WORK TO BE COMPLETED
Transcribe all of the data verbatim, please, and leave out its pictures.

=-=-=-=-=

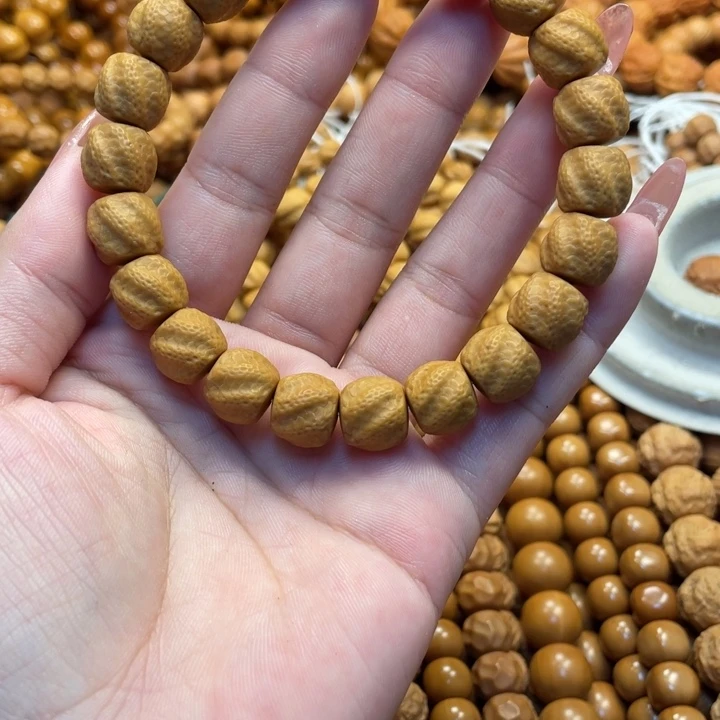 退***思核桃微瑕灵蛇手串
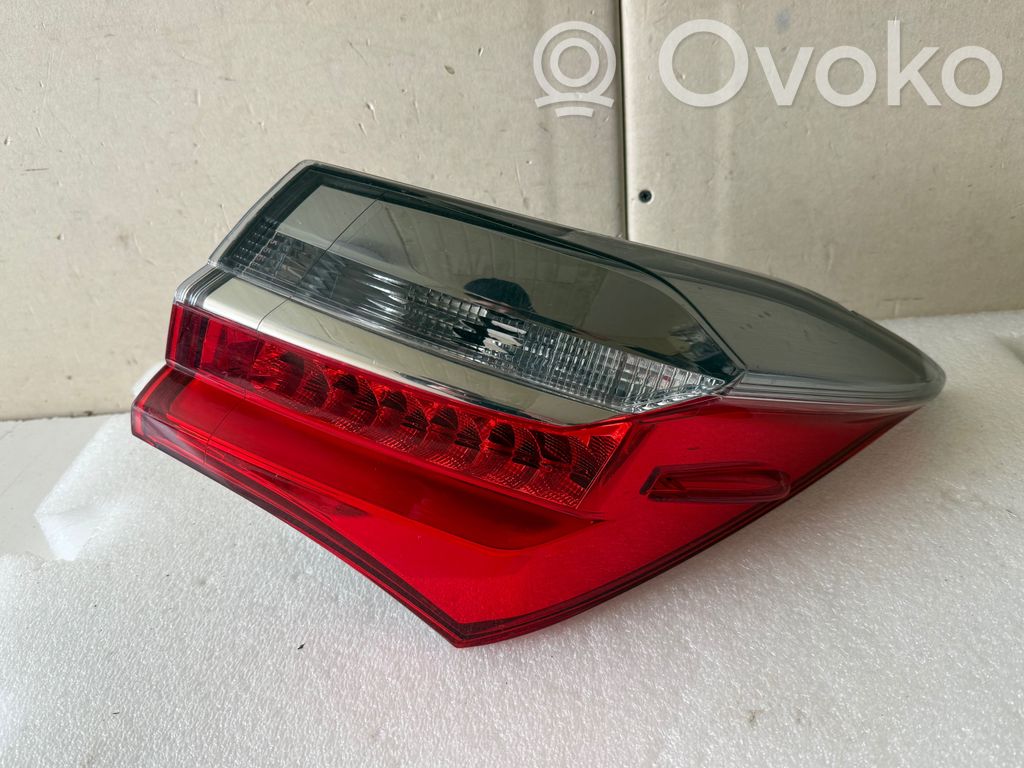 Toyota Corolla E160 E170 Задний фонарь в кузове 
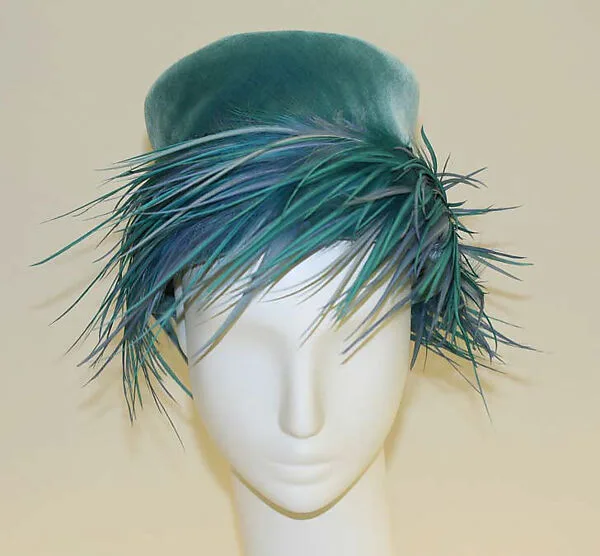 Pillbox hat — Claude Saint-Cyr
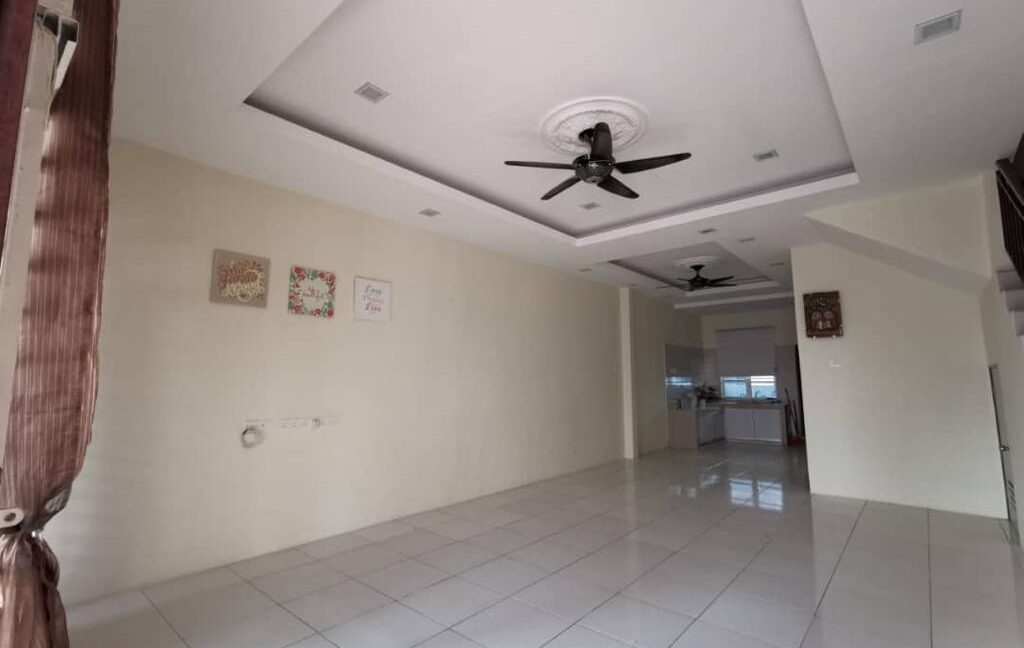 [RENOVATED] Rumah Teres Cantik Dua Tingkat Di Ipoh Perak (3)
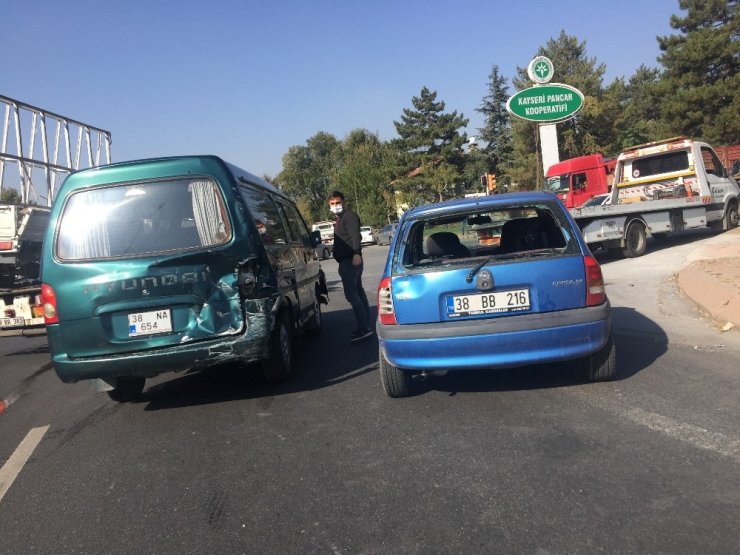 Freni patlayan kamyonet 3 araca çarparak durabildi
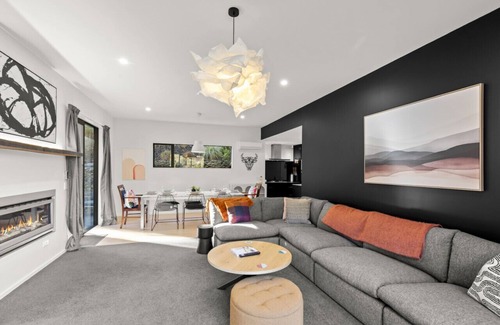 Arthur's Point House | Shotover View - family friendly close to Coronet Peak
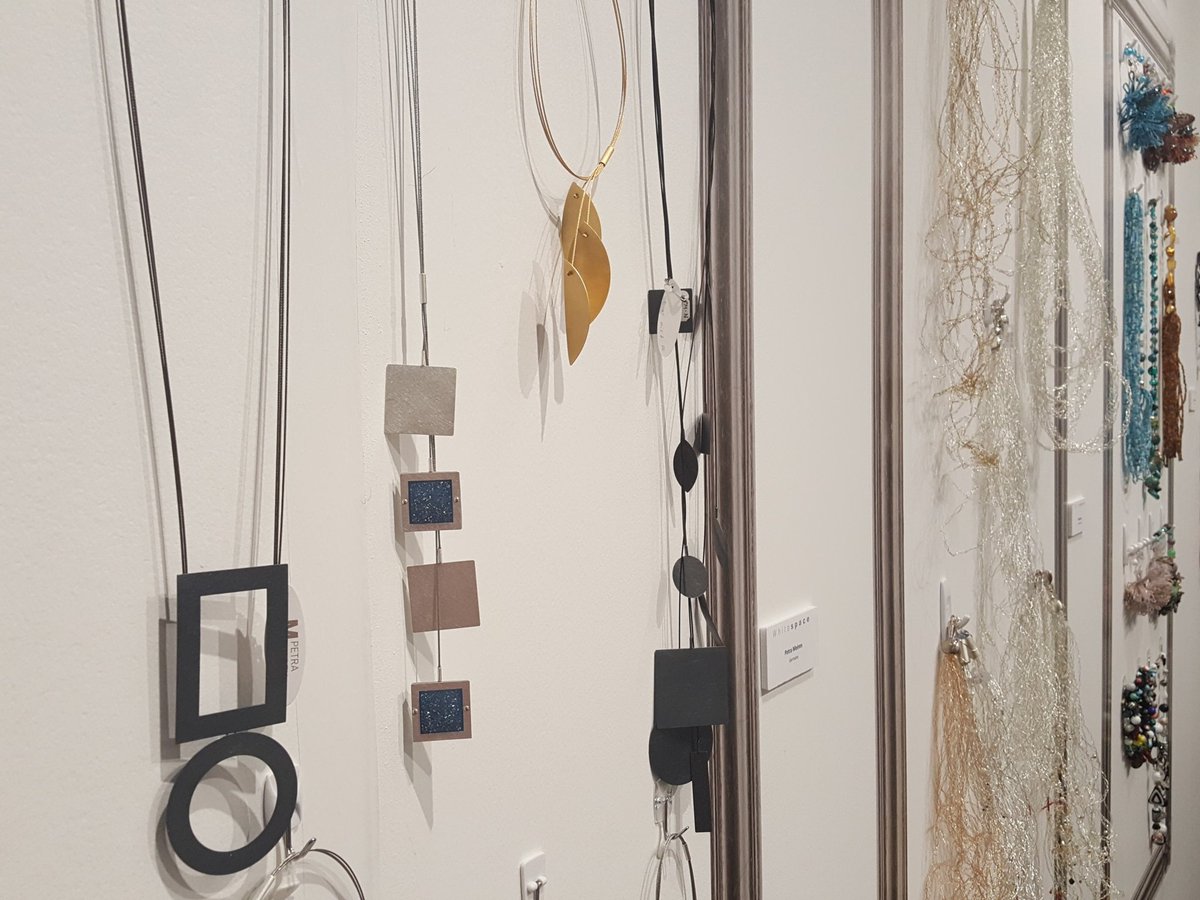 HoustonArtFair's tweet photo. Whitespace has some beautiful pieces. These pieces are from around the world!! #HoustonArtFair https://t.co/2cKdb1EDPJ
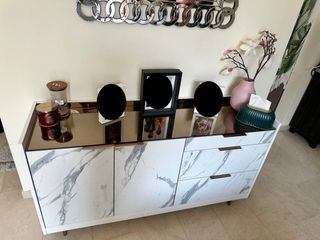 (Category: ) located in . Submitted by ismn17 (Listing ID 1327359475, Image 1). Description: .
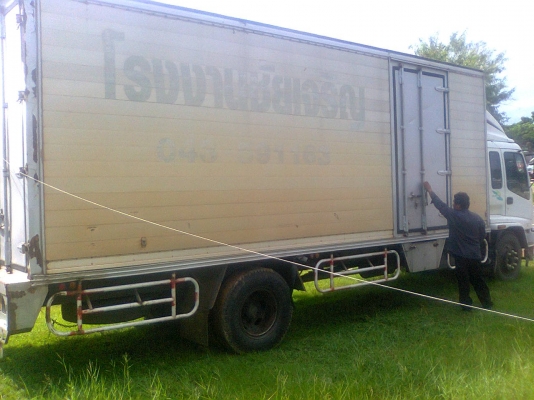 ขายรถหกล้อเดก้าตู้แห้ง210ห้างแท้ ราคา960000บาท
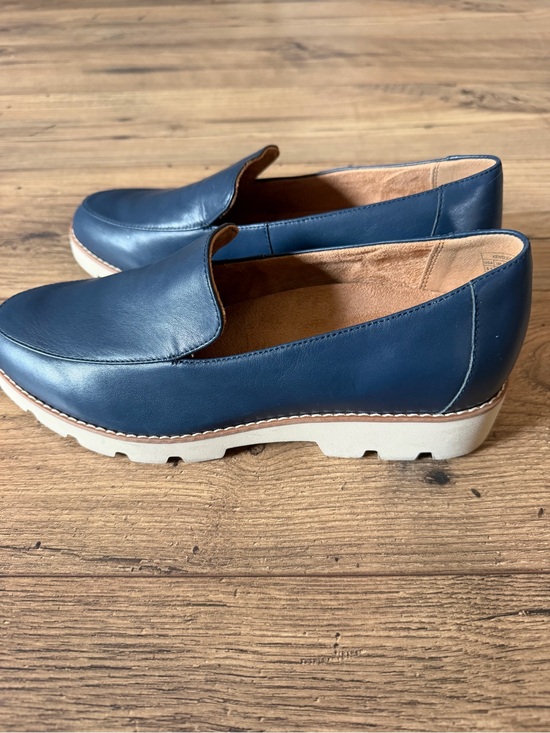 Vionic Kensley Navy Blue Leather Loafers Size 8.5 EUC Comfortable Lug Sole main image 6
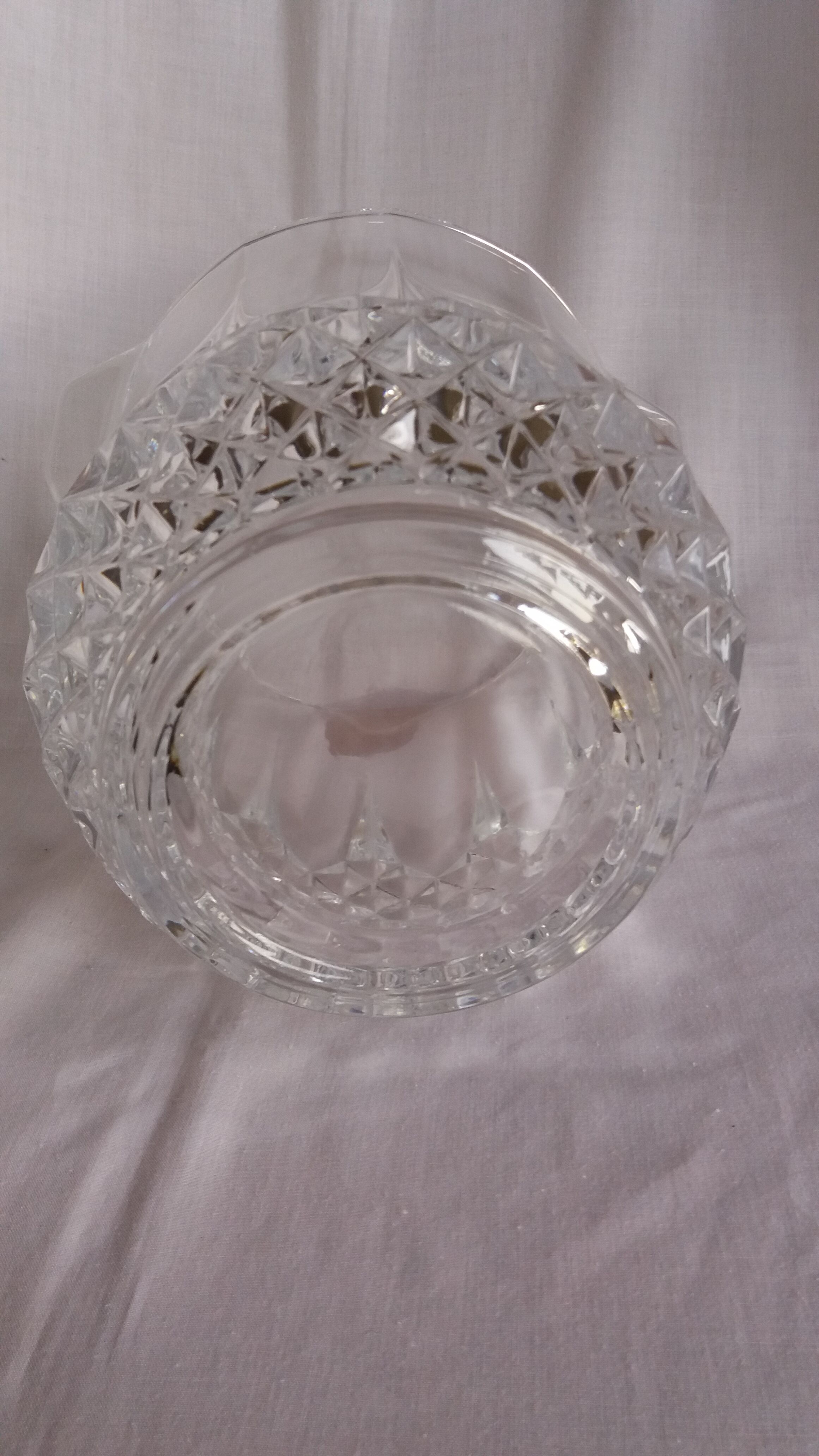 Pineapple-shaped glass bottle cooler with facets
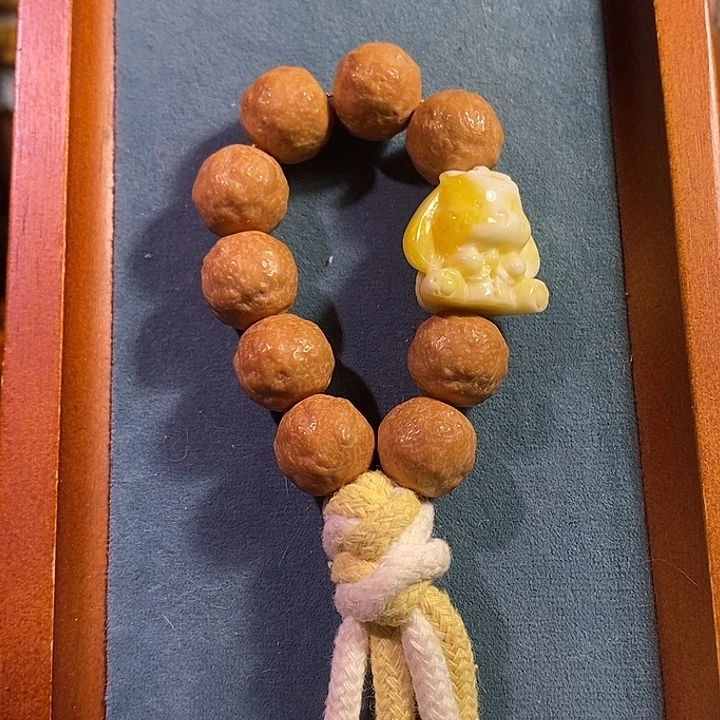 手串猴头核桃砂糖橘小手持兔子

=-=-=-=-=

COMPLETED TASK
 退***思核桃微瑕灵蛇手串
 Toyota Corolla E160 E170 Задний фонарь в кузове 
 Pillbox hat — Claude Saint-Cyr
 [RENOVATED] Rumah Teres Cantik Dua Tingkat Di Ipoh Perak (3)
 Freni patlayan kamyonet 3 araca çarparak durabildi
 Arthur's Point House | Shotover View - family friendly close to Coronet Peak
 HoustonArtFair's tweet photo. Whitespace has some beautiful pieces. These pieces are from around the world!! #HoustonArtFair https://t.co/2cKdb1EDPJ
 (Category: ) located in . Submitted by ismn17 (Listing ID 1327359475, Image 1). Description: .
 ขายรถหกล้อเดก้าตู้แห้ง210ห้างแท้ ราคา960000บาท
 Vionic Kensley Navy Blue Leather Loafers Size 8.5 EUC Comfortable Lug Sole main image 6
 Pineapple-shaped glass bottle cooler with facets
 手串猴头核桃砂糖橘小手持兔子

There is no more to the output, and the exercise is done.